31 mai 2021

Pélargoniumiste

 Figurez-vous que dans toute l’œuvre de Paul Valéry il n'est jamais question du géranium ! Il ne l’évoque même pas dans son fameux « Cimetière Marin » où il y a beaucoup de lumière, des vers de terre, des insectes et des racines, du bleu, des flèches ailées, des filles chatouillées qui poussent des cris aigus, mais jamais au grand jamais l'ombre portée d'un géranium ! Voilà pourtant une plante de cimetière idéale, elle demande certes un arrosage semi-soutenu — qui n'a pas vu une veuve tristounette porter deux arrosoirs à bout de bras ne connaît pas vraiment les cimetières —, mais guère plus que ça.

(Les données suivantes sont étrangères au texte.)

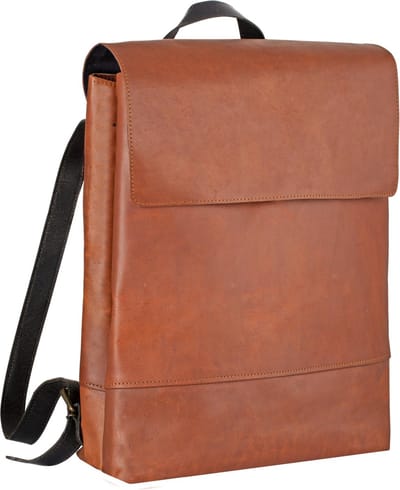 Johnny Fly Minimalist Leren Rugtas  -bruin - ecologisch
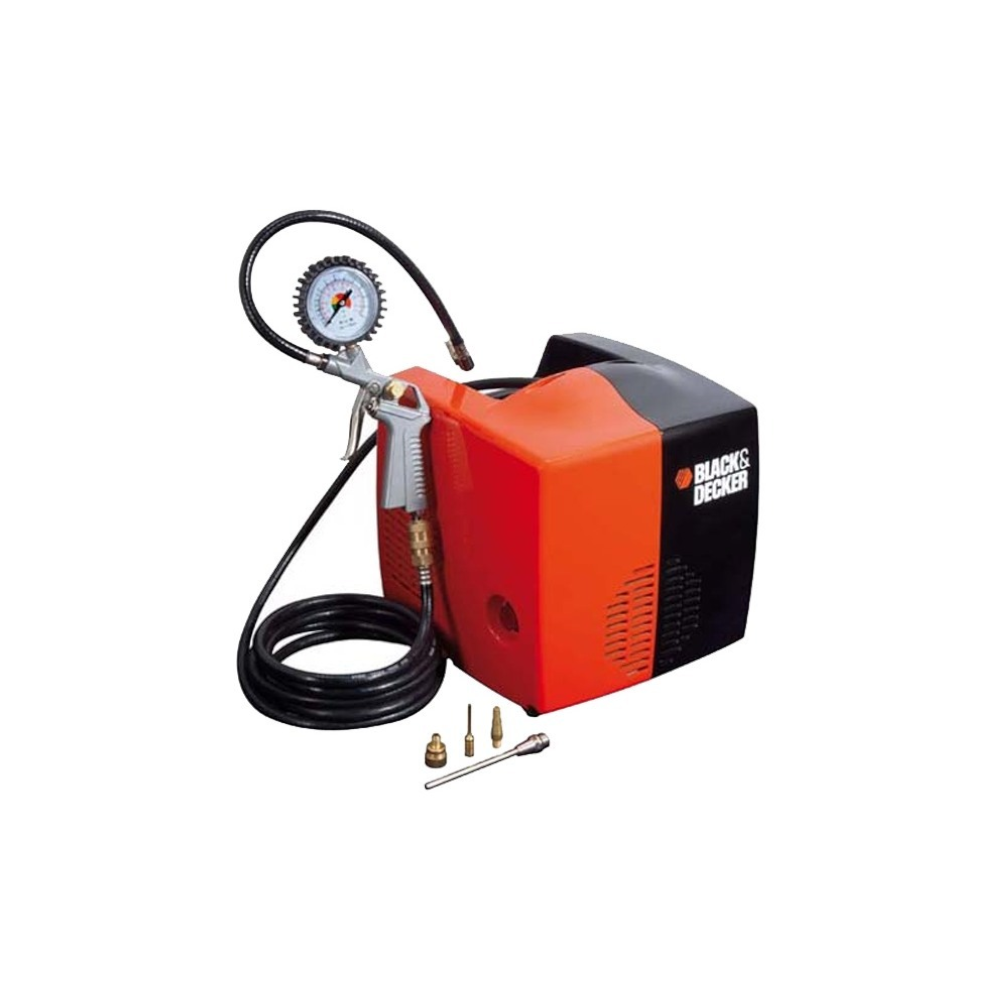 Compresor de aer fara ulei Black&Decker CUBO 116 PS, 1100W, 3400 rpm, 8 bar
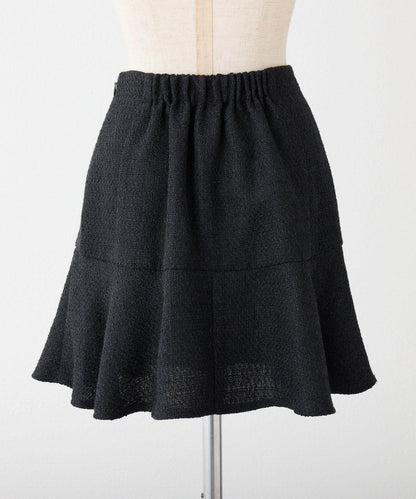 低腰喇叭迷你裙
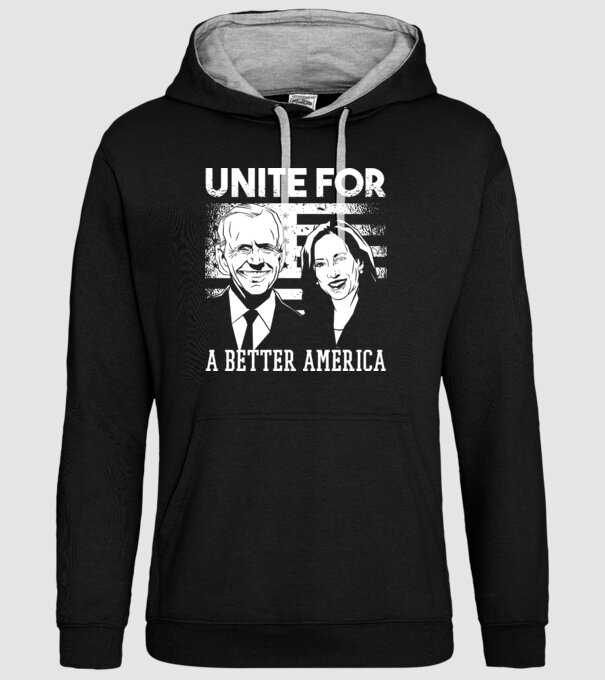 Unite for a better America - Biden Harris model negru pe tricou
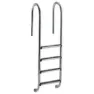 Astral Muro Aisi316 Poolleiter 4 Luxusstufen, Inox / black, One Size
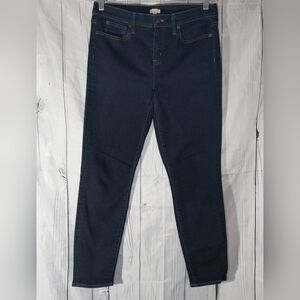 J.Crew Factory Women's Dark Blue Skinny Jeans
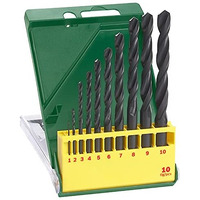 Bosch Professional 10-Piece Hss-R Metal Drill Bit Set | High-Speed Steel For Precise Metal Drilling | Compatible With All Power Tool Brands | Durable Plastic Storage Box Included | Strong And Flexible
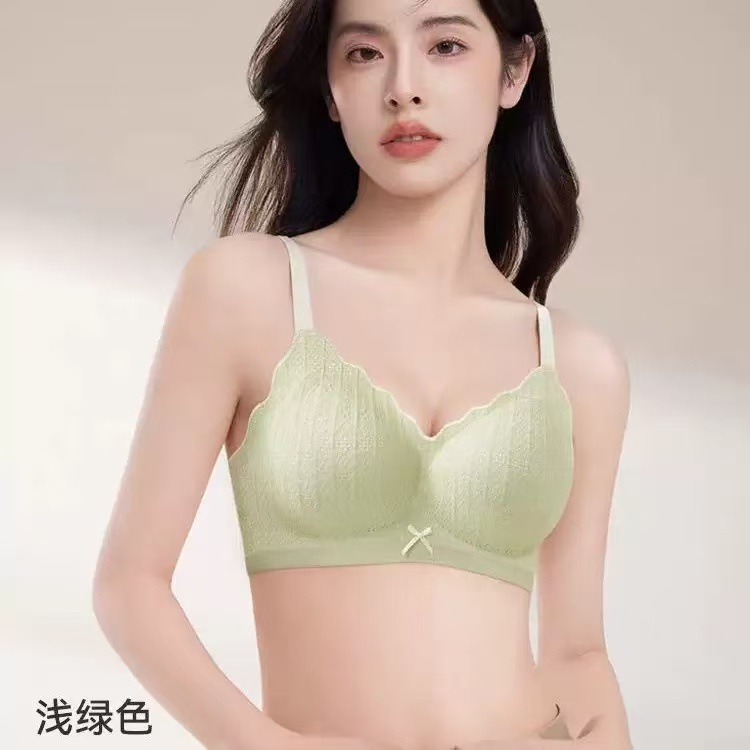 无痕裸感内衣女士2025新款爆款小胸聚拢无钢圈收副乳防下垂文胸罩|undefined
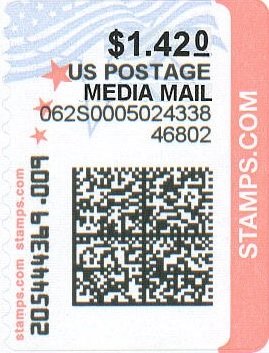 Stamp, Flag and Star, United States of America,  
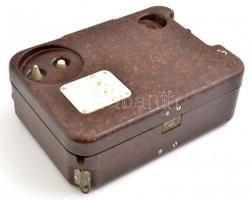 cca 1950 TA-57 szovjet katonai telefon, jó állapotban, 22×16 cm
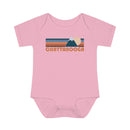 Chattanooga Baby Bodysuit - Retro Mountain Chattanooga, Tennessee Baby Bodysuit-10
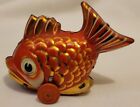 Lehmann LOLO #911 Tin Litho Koi Red Fish Friction Toy W. Germany Works Vintage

Comme tout fricote dans une coalescence soutenue, comme tout se confirme et s’accorde toujours, la tombe de Paul Valéry est à l’image de son œuvre : dépourvu du moindre géranium. On peut la voir froide et impassible, accrochée sur l’une des pentes du Cimetière Saint-Charles de Sète ( le vrai nom du fameux Cimetière Marin). Quelques arpents plus loin sur la tombe de Jean Vilar une petite armée de pots de fleurs bondés de joyeuseté colorée nous ferait presque oublier la rude phénoménalité du marmoréen. Parmi ces pots, deux pots de géraniums. Décidément, le « théâtre populaire » cède au pélargoniumisme.